Niemniej, świetnie pokazałaś matkę poprzez uczucia i emocje jej córki. Bardzo realnie, czego Ci gratuluję.

Portret na wolności
Choć sam początek i koniec jest przygnębiający, to tekst jest przepełniony radością. Jak dobrze jest mieć kogoś, kto pośród przytłaczającej, smutnej rzeczywistości potrafi pokazać lepszy, kolorowy i szczęśliwy świat. Jak dobrze jest mieć kogoś, kto zamieni zaciśnięte usta w promienny uśmiech. I wreszcie – jak dobrze jest mieć kogoś, kto potrafi uwolnić od szarości życia codziennego. I nawet mam odpowiedź na pytanie postawione na końcu tekstu - „skąd czerpać siłę, by przetrwać noc i jakoś doczołgać się do rana?”. Ze szczęśliwych, choć ulotnych, chwil. Z obietnicy uśmiechu przy następnym spotkaniu. Ze wspomnień. One mają niezwykłą siłę i moc.

Piękne, po prostu piękne...

Portret antagonistyczny
Oj, podobnie jak Ty, nie lubię takich osób. To znaczy – nie miałam takiej sytuacji w pobliżu siebie, a piszesz, że to portret „w dość znacznym stopniu autobiograficzny”, więc podejrzewam, że Ty miałaś. Niemniej, nietrudno jest wyobrazić sobie taką sytuację...
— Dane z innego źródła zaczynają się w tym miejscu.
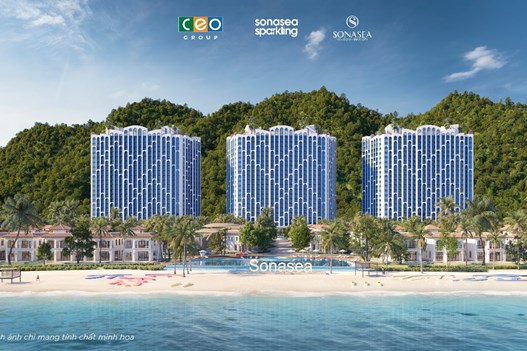 Thị trường nghỉ dưỡng phục hồi nhờ hiệu ứng miễn thị thực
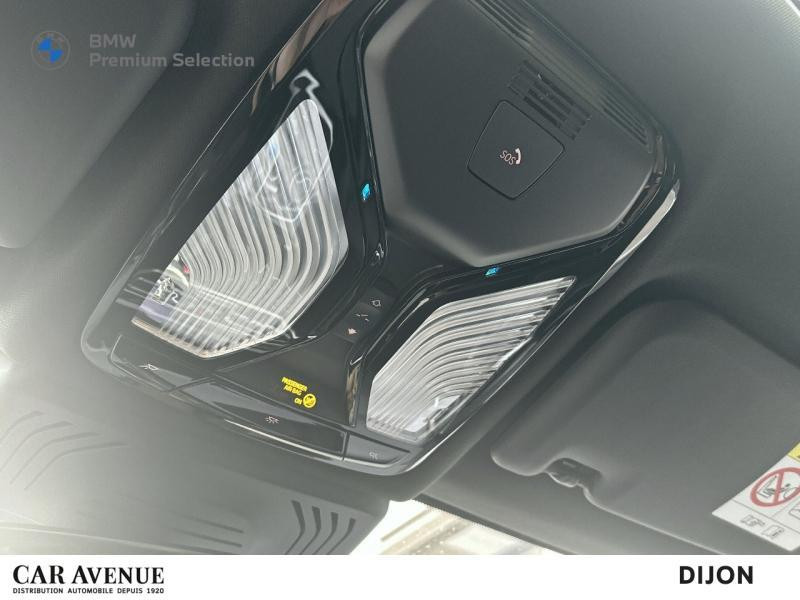 Used BMW iX3 M sport 286ch Impressive 2024 Carbonschwarz métallisé € 50990 in Dijon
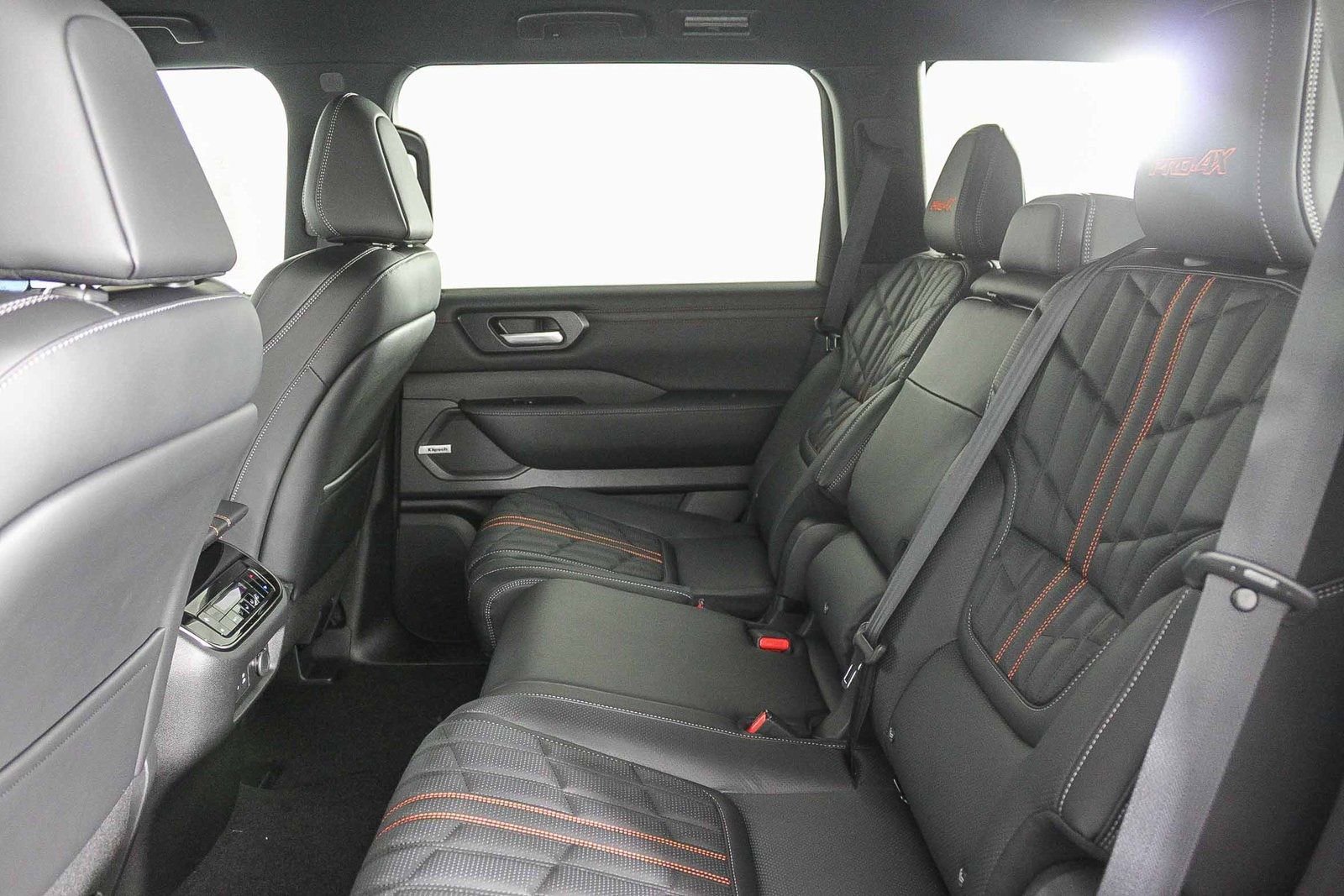 New 2026 Nissan Armada PRO-4X image 20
Z portretu aż wylewa się złość i nienawiść. Czytając, miałam wrażenie jakby bohaterka siedziała tuż przede mną i z zaaferowaniem opowiadała mi tę historię. Mimo szmatu czasu jaki minął od tamtych wydarzeń, nadal jest wściekła i nie panuje nad emocjami, myśląc o tej osobie. Świetne, przedstawione po mistrzowsku.

Portret świąteczny
Piękne, piękne. Coś trochę innego od tego, co wcześniej prezentowałaś. Faktycznie, wedle Twoich zapowiedzi, tekst jest nieco słodki, ale też nie przesadzajmy – jednorożce nie hasają wesoło po mieszkaniu, sra... A zresztą, nieważne. Nie hasają i tyle.
Znalazło się miejsce na trochę złości, która prawie zawsze gdzieś tam pojawia się w portrecie. Szczerze mówiąc, ucieszyło mnie to, bo przestraszyłam się i nie wiedziałam czego się spodziewać po przeczytaniu cytatu... To było dopiero słodkie, brr. No, cóż. Zawsze uwielbiałam święta w mojej rodzinie, bo zdaję sobie sprawę, że są wyjątkowe i w niewielu domach tak jest. Zwłaszcza kiedy byliśmy wszyscy razem (bo choć mam dużą rodzinę, to połowa wyjechała za granicę w pogoni za szczęściem i lepszym życiem) odczuwałam to bardzo mocno, mimo że byłam tylko (a może aż?) dzieckiem. U mnie naprawdę czuć było tę magię przy dzieleniu się opłatkiem, śpiewaniu kolędy, czytaniu Pisma Świętego, czy nawet rozmowie przy stole zapełnionym daniami (a zawsze było i jest ich do tej pory grubo ponad dwanaście). Teraz jest nieco inaczej, bo dorosłam, zmieniły mi się poglądy i patrzę na to z innej strony. Ach... Ale się rozgadałam. Skłoniłaś mnie do przemyśleń, czego Ci mogę pogratulować, bo to świadczy tylko o wspaniałości Twoich tekstów.

Portret z gitarą
Ach! Póki pamiętam – obiecuję Ci dodatkowy punkt za francuską piosenkę! Swoją drogą, idealnie dobraną. Wyobrażam sobie tę scenę, oczekiwanie pełne napięcia, cisza w domu i ciche brzdąknięcia gitary, słowa piosenki, którą Carla śpiewa dość cicho i spokojnie. Idealnie pasuje. To kompletnie nie mój gatunek muzyczny, ale dla francuskich piosenek robię wyjątek. Niby pop (którego nie cierpię), ale to jego inny rodzaj, piękny. Ma w sobie „to coś”... I znów zeszłam z tematu.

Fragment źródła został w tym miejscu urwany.